Embora Williams não possa prever quantos GP podem ser feitos, ela tem certeza de que a atual crise “expôs” a F1.
“Acho que é uma oportunidade e, como disse, acho que a Fórmula 1 e o modelo em que operamos foram expostos como provavelmente um modelo insustentável.”
“Isso é sem precedentes e é incrivelmente difícil navegar por esse caminho. A sobrevivência é crítica, e temos que colocar o trabalho em prática agora, para que, caso surja uma situação semelhante estejamos todos muito melhor protegidos, em vez de termos dificuldades como enfrentamos agora.“
“Estamos a trabalhar incrivelmente duro, não apenas na Williams, mas também no desporto como um todo. A Fórmula 1 realmente une-se nestas circunstâncias. As equipas maiores entendem o trabalho que precisam fazer para garantir a sobrevivência das equipas menores. As equipas menores entendem o que estamos a pedir das equipas maiores.”
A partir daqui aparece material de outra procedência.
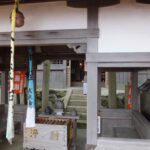 信貴山の山上に祀られた空鉢護法堂
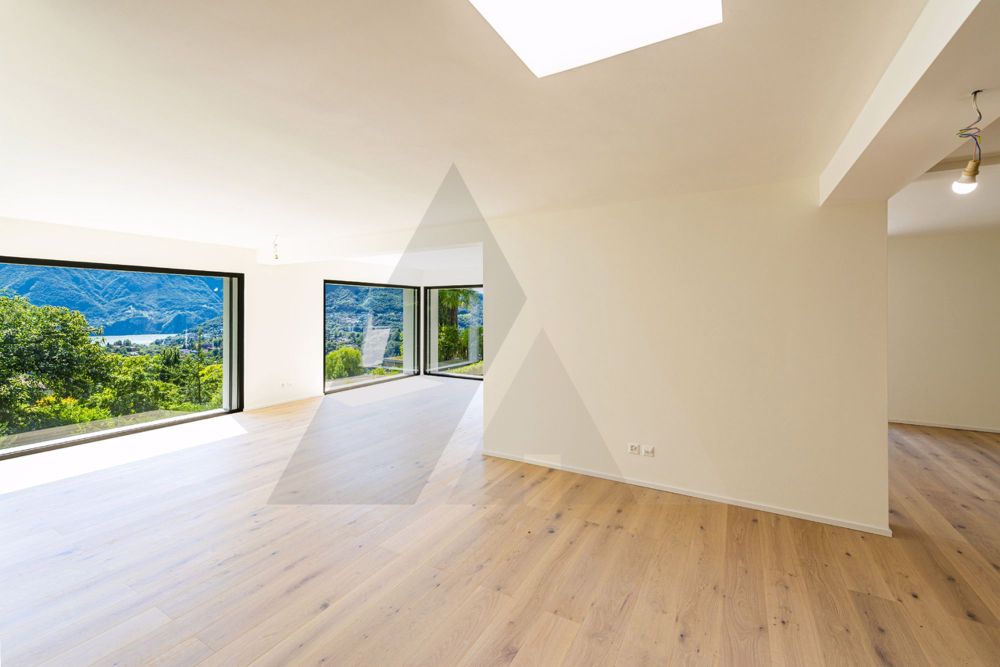 VILLA ULTIMATA IMMERSA NEL VERDE CON VISTA PANORAMICA - Bild 6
“O que é decepcionante é que [não teremos] os novos regulamentos que estavam a chegar em 2021, com os quais chegamos a um compromisso muito bom e que realmente definiriam um grande futuro para todas as nossas equipas. Eu penso que se tivéssemos implementado esses regulamentos há dois anos, talvez nem todos estivéssemos tão preocupados quanto estamos agora. Estamos um pouco expostos no momento. Mas acredito que conseguiremos superar isso. Estou eternamente otimista “.